→ Stored items:
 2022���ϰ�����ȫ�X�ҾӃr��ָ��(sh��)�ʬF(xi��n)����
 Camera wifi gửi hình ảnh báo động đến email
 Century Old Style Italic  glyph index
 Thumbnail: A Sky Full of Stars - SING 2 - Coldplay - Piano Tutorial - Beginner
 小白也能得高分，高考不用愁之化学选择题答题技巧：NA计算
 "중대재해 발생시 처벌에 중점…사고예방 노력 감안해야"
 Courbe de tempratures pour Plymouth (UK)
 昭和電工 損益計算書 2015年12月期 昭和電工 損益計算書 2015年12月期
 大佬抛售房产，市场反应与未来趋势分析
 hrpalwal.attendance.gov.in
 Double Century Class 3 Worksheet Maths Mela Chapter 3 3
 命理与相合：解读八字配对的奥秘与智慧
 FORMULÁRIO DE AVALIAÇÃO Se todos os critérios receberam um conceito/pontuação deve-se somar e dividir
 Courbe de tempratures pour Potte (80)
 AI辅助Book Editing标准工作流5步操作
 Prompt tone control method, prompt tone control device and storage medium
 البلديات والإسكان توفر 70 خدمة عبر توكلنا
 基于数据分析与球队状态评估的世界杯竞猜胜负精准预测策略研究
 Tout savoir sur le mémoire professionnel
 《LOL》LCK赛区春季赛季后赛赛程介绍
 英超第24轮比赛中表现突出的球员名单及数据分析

→ WORK ORDER:
Write down again the exact lines running from the beginning of the data to the line containing "AI辅助Book Editing标准工作流5步操作", with both ends included.

→ TASK ANSWER:
 2022���ϰ�����ȫ�X�ҾӃr��ָ��(sh��)�ʬF(xi��n)����
 Camera wifi gửi hình ảnh báo động đến email
 Century Old Style Italic  glyph index
 Thumbnail: A Sky Full of Stars - SING 2 - Coldplay - Piano Tutorial - Beginner
 小白也能得高分，高考不用愁之化学选择题答题技巧：NA计算
 "중대재해 발생시 처벌에 중점…사고예방 노력 감안해야"
 Courbe de tempratures pour Plymouth (UK)
 昭和電工 損益計算書 2015年12月期 昭和電工 損益計算書 2015年12月期
 大佬抛售房产，市场反应与未来趋势分析
 hrpalwal.attendance.gov.in
 Double Century Class 3 Worksheet Maths Mela Chapter 3 3
 命理与相合：解读八字配对的奥秘与智慧
 FORMULÁRIO DE AVALIAÇÃO Se todos os critérios receberam um conceito/pontuação deve-se somar e dividir
 Courbe de tempratures pour Potte (80)
 AI辅助Book Editing标准工作流5步操作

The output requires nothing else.